Ultrawings 2 Details:
Gameplay
Like the first in the series, Ultrawings 2 isn’t a 1:1 flight simulator—far from it—although the controls aren’t something I’d call 100 percent arcadey either. It presents a good assortment of basic instruments that don’t feel overly complicated, and physics that push the player to develop what feel like actual flight skills.
Don’t be fooled by the low-speed joyrides you take in the little ultralight at the beginning though. Ultrawings 2 doesn’t waste much time in serving up some pretty unforgiving challenges as you buy your way into each of the game’s five vehicles (four planes and a helicopter) and four islands, each with their own environmental quirks and obstacles.

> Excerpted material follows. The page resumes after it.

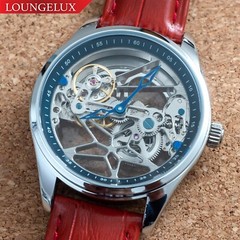 Mens Flywheel Bridge Movement Automatic Mechanical Watch Silver Red Leather Gift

Love it or hate it, you’ll be grinding through a varied assortment of ‘Jobs’ for cash on each island which range in difficulty. It’s safe to say that if you can’t master things like taking off from short runways, executing dicey touch-and-go landings, balancing fuel reserves as you barrel through multiple rings, you’re going to crash and burn—and probably curse the day Ultrawings 2 entranced you with its seemingly simple controls and punchy little planes, each with their own unique flight characteristics.
The game does a good job of segmenting those planes too, offering an easy-to-pilot ultralight, a WW2-style fighter, a bleedingly fast rocket fighter, an agile stunt bi-plane, and a light helicopter. All planes have different control configurations, which can present some challenge in creating muscle memory, although they’re simple enough to locate visually and operate for takeoffs and landings. Onbaording for each plane is straightforward too; your handy tablet tells visually tells everything you need to know while a pair of quippy voice overs guide you, and also relentlessly tease you for getting anything but a gold metal.

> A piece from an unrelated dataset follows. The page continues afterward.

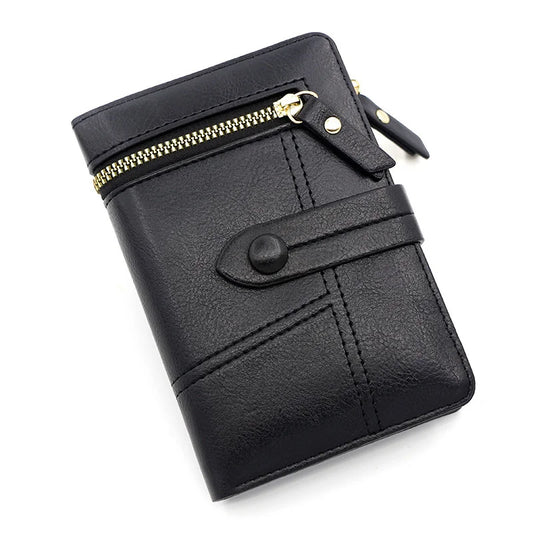 Women's Matte Short Wallet PU Leather Zipper Purse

The world is ‘open’, in the sense that you can own two airports on each of the four islands and request jobs there. I wish the whole job discovery and cash earning portion were a little more organic and less formulaic: i.e. you buy an airport, grind jobs to buy a new plane, go back and complete all jobs and missions with new plane to grind for more money to buy a new airport to… I can see it feeling like less of a tiring exercise during shorter gameplay sessions than I played, since I clocked in multiple hours of virtual flight time in a single go.
That said, islands are pretty densely packed, offering plenty of chances to fly through canyons, under bridges, between tall skyscrapers, and make death-defying, no-power landings on some of the shortest runways you’ve ever seen.

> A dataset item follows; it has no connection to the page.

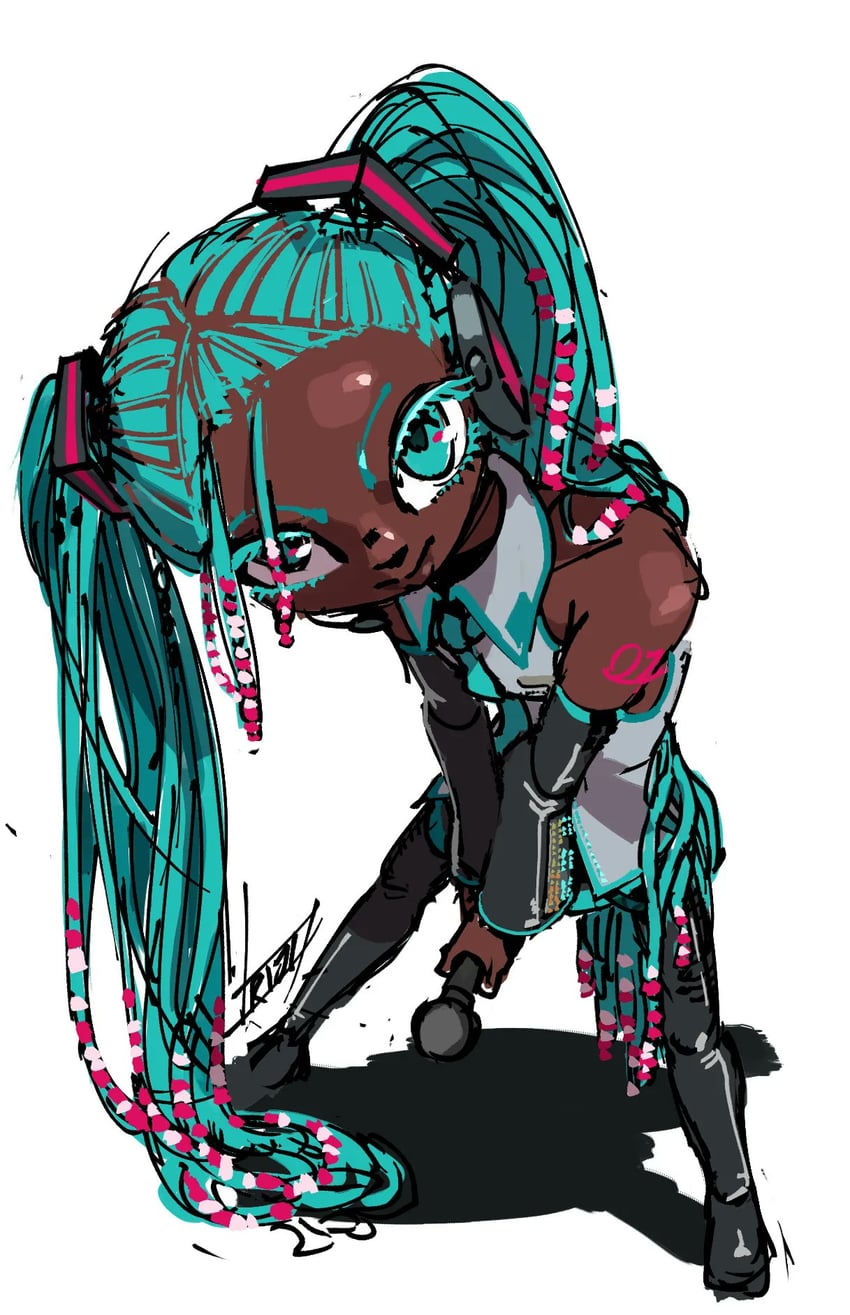 VOCALOID、自由形态初音未来、初音未来 1名女孩 异色皮肤 水色瞳 水色发 水蓝色领带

All of this accounts for the majority of the game, however Ultrawings 2 also introduces combat ‘Ops’ that task you with battling against enemy fighters, bombers, ground forces, and ships. Thanks to the game’s mature flight design, this offers up some surprisingly fun combat situations—something I think would make the basis for a cool standalone title in the future.
Ops are still one-off missions with a single weapon—still very much a short challenge like all of the jobs in the rest of the game. There’s just something super gratifying about using your newly acquired stunt skills and shooting prowess, and applying it to dogfights and strafing runs, which really test how you fly under the pressure of incoming fire and dwindling fuel.
You can expect to put in tens of hours into Ultrawings 2—the studio says between 40-60 hours—although the biggest time investment is undoubtedly gathering the cash for the most expensive purchases in the game, the International Airports, which essentially let you revisit all of the islands for more challenges.
Immersion
The game’s cartoony visuals seem more mature than the original on Quest, but remain lovably simplistic, featuring a color palette that is bright and offers enough contrast to make objectives pop. Cockpit instrument dials are sharp enough, although you can’t help but wish for a tick more native display resolution. You can toggle off enemy health in the options, but I’m not sure you’d want to considering how far away some can be, which would otherwise make for a few blurry grey pixels on your screen that would be very difficult to resolve.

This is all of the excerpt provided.